=== How to complete this task ===
Please return exactly the line that contains "A great stone" and every line after it, through the last line of the records below, with no pictures.

:: The data

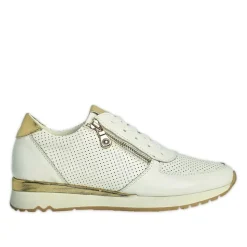 Chaussures Confort|SCALINA Baskets Femme Blanc Et Dore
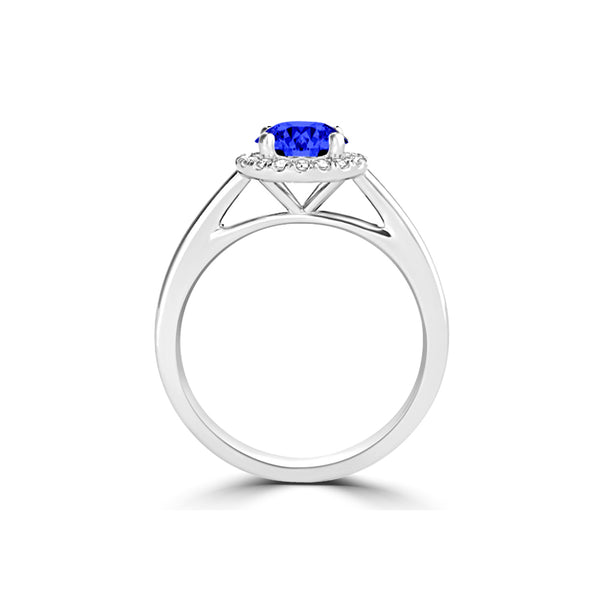 TMR121181 - Valentina - Round Tanzanite and Diamond Ring Halo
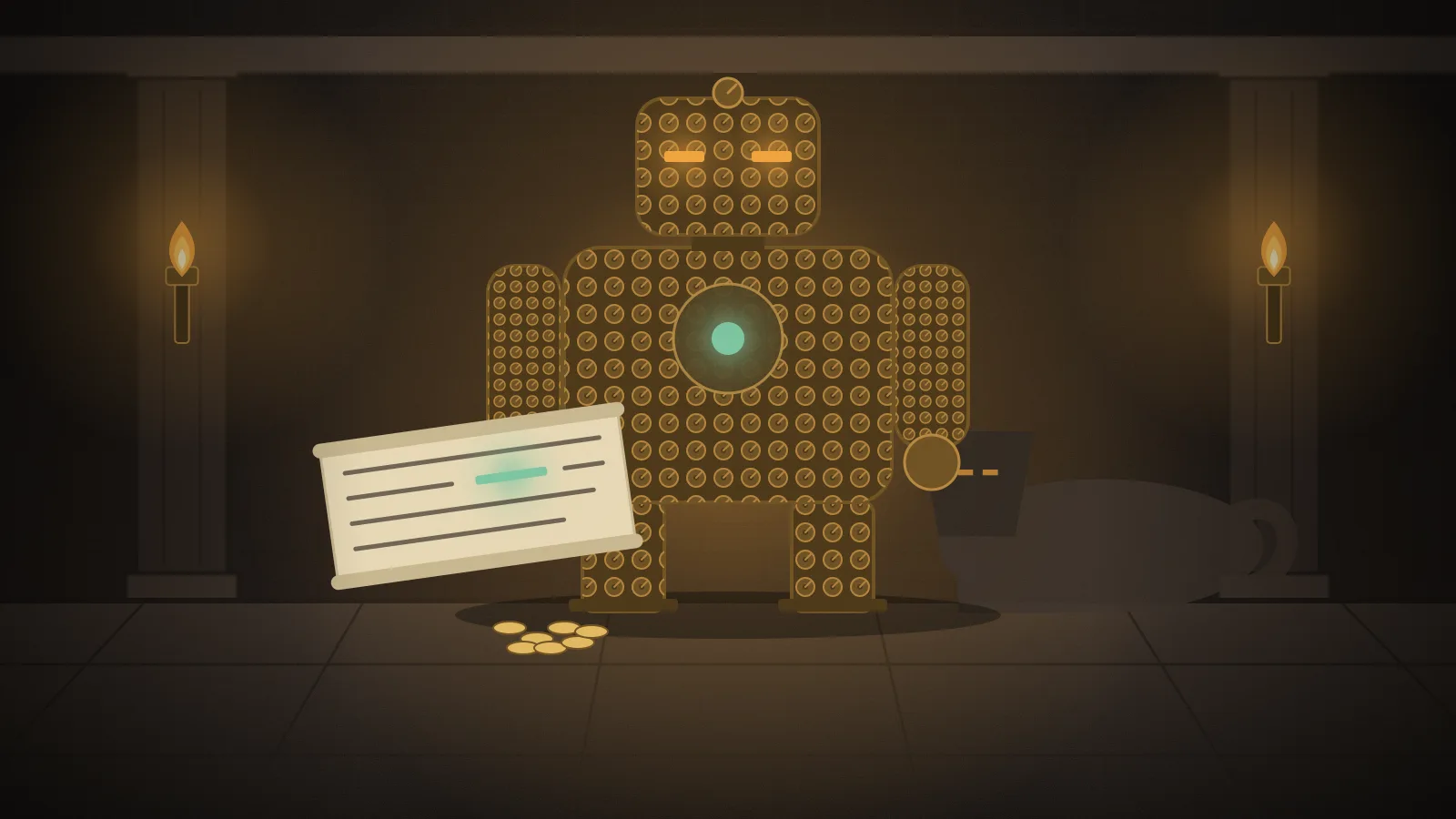 A great stone hall lit by torches. A towering golem stands in the middle, its body made of countless tiny brass dials, holding a scroll with a blank where one word should be.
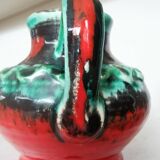 Fat Lava Pitcher Vase: Red Black Green Glaze, West German Pottery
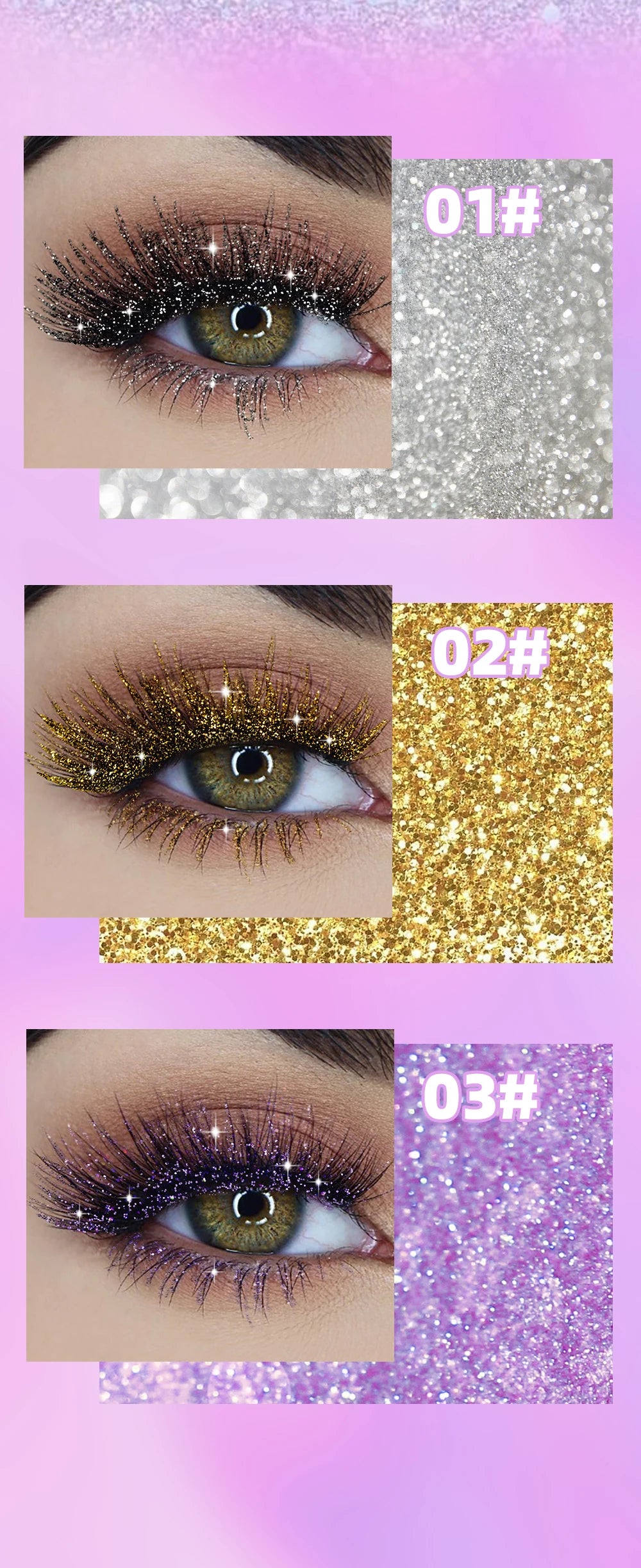 1 PC Diamond Mascara Shining Galaxy Sequins Sweat Proof Glitter Eyelashes Quick Dry Lasting Curling Thick Mascara Shimmer Makeup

::::

=== Exercise answer ===
 A great stone hall lit by torches. A towering golem stands in the middle, its body made of countless tiny brass dials, holding a scroll with a blank where one word should be.
 Fat Lava Pitcher Vase: Red Black Green Glaze, West German Pottery
 1 PC Diamond Mascara Shining Galaxy Sequins Sweat Proof Glitter Eyelashes Quick Dry Lasting Curling Thick Mascara Shimmer Makeup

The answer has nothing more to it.